Current location - Education and Training Encyclopedia - University ranking - The whole process of SPSS cluster analysis is explained in detail.
The whole process of SPSS cluster analysis is explained in detail.
The whole process of SPSS cluster analysis is explained in detail.

Case data source:

There are 20 kinds of 12 oz beer composition and price data, and the variables include beer name, calorie, sodium content, alcohol content and price. Question 1: Which variables are selected for clustering? -adopting "R-type clustering"

1. Now we have four variables to classify beer. Is it necessary to include all four variables as classified variables? The three indexes of calorie, sodium content and alcohol content need to be determined by the hard work of the laboratory technician, and the cost is still a lot. Wouldn't it be too much trouble and waste if they were all included in the analysis? Therefore, it is necessary to reduce the dimensions of the four variables. Here, spss R-type clustering (variable clustering) is used to reduce the dimensions of four variables. The output of "similarity matrix" helps us to understand the process of dimension reduction.

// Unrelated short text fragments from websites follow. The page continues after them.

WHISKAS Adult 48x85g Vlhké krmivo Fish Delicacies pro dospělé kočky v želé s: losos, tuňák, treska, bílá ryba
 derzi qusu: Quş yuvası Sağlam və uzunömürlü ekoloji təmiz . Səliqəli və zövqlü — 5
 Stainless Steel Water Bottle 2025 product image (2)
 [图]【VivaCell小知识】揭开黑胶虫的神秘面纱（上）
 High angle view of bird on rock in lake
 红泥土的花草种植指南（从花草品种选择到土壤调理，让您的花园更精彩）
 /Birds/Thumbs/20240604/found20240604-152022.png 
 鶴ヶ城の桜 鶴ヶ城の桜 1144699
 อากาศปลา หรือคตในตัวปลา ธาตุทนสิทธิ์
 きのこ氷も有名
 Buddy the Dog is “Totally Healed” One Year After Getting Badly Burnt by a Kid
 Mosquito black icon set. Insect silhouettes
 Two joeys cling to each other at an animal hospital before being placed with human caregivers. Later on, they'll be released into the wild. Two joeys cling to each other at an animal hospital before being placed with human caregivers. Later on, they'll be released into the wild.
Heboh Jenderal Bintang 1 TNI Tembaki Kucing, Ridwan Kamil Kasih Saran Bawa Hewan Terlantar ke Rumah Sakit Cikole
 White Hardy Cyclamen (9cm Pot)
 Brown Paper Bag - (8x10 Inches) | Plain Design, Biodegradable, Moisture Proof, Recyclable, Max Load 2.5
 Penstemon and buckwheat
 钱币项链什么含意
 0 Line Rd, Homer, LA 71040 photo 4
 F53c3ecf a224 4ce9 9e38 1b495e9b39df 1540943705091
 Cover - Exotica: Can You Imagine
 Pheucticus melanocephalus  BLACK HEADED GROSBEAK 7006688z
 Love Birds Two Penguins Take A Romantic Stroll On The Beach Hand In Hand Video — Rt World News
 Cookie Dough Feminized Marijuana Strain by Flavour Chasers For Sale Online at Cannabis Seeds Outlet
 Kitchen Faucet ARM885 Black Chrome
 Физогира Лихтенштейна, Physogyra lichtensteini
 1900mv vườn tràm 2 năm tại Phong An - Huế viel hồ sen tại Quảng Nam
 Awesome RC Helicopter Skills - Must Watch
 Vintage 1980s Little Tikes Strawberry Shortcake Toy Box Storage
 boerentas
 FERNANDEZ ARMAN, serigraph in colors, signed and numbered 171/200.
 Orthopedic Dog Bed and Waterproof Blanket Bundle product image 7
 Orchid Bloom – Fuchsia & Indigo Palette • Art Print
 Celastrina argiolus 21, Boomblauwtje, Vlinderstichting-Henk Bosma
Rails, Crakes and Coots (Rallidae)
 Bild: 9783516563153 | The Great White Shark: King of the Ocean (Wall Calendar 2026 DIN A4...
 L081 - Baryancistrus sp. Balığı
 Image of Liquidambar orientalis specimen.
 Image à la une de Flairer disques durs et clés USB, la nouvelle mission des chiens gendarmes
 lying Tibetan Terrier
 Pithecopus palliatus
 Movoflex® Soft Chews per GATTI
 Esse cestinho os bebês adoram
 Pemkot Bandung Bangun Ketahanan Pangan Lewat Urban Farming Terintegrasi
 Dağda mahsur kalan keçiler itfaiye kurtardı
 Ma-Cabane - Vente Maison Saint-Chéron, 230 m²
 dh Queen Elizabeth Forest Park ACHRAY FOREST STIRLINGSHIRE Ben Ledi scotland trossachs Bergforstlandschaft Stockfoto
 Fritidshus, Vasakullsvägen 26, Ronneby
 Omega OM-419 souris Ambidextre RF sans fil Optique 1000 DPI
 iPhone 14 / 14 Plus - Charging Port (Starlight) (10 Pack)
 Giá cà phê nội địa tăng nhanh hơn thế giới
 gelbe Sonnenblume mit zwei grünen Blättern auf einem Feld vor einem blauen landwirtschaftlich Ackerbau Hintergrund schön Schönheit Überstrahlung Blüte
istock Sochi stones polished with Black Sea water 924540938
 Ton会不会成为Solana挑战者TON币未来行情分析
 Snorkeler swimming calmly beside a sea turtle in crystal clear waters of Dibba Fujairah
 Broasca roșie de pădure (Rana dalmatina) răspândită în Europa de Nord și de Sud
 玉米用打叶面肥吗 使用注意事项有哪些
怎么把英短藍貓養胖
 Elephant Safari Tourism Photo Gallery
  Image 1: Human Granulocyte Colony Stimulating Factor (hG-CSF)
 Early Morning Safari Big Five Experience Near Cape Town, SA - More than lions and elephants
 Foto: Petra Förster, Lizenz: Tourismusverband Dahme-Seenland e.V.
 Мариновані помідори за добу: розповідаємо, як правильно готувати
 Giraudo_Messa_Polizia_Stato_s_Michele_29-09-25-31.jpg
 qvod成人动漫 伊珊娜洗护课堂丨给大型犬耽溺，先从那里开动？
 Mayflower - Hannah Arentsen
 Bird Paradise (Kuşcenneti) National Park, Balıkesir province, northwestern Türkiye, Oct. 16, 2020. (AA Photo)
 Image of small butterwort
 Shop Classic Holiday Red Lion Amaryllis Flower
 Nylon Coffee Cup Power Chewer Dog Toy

2. The dimensions of the four classified variables are different. This time, we first determine to measure them by similarity, Pearson coefficient as the standard, and farthest element as the clustering method. At this time, correlation is involved, so the four variables need not be standardized, and the numbers in the future similarity matrix are the correlation coefficients. If the correlation coefficient of some two variables is close to 1 or-1, it means that these two variables can replace each other. 3. Just output the "tree diagram". Personally, I think the icicle diagram is very complicated and looks less clear than the tree diagram. As can be seen from the proximitymatrix table, the correlation coefficient of two variables, heat and alcohol content, is 0.903, which is the largest, so there is no need to choose either of them as a clustering variable, which leads to an increase in cost. As for choosing calorie and alcohol content as typical indicators to replace the original two variables, it can be decided according to professional knowledge or the difficulty of determination. (Different from factor analysis, one of the variables is completely kicked out to achieve the purpose of dimensionality reduction. ) Alcohol content is selected here. So far, the variables used for clustering have been determined as follows: alcohol content, sodium content and price.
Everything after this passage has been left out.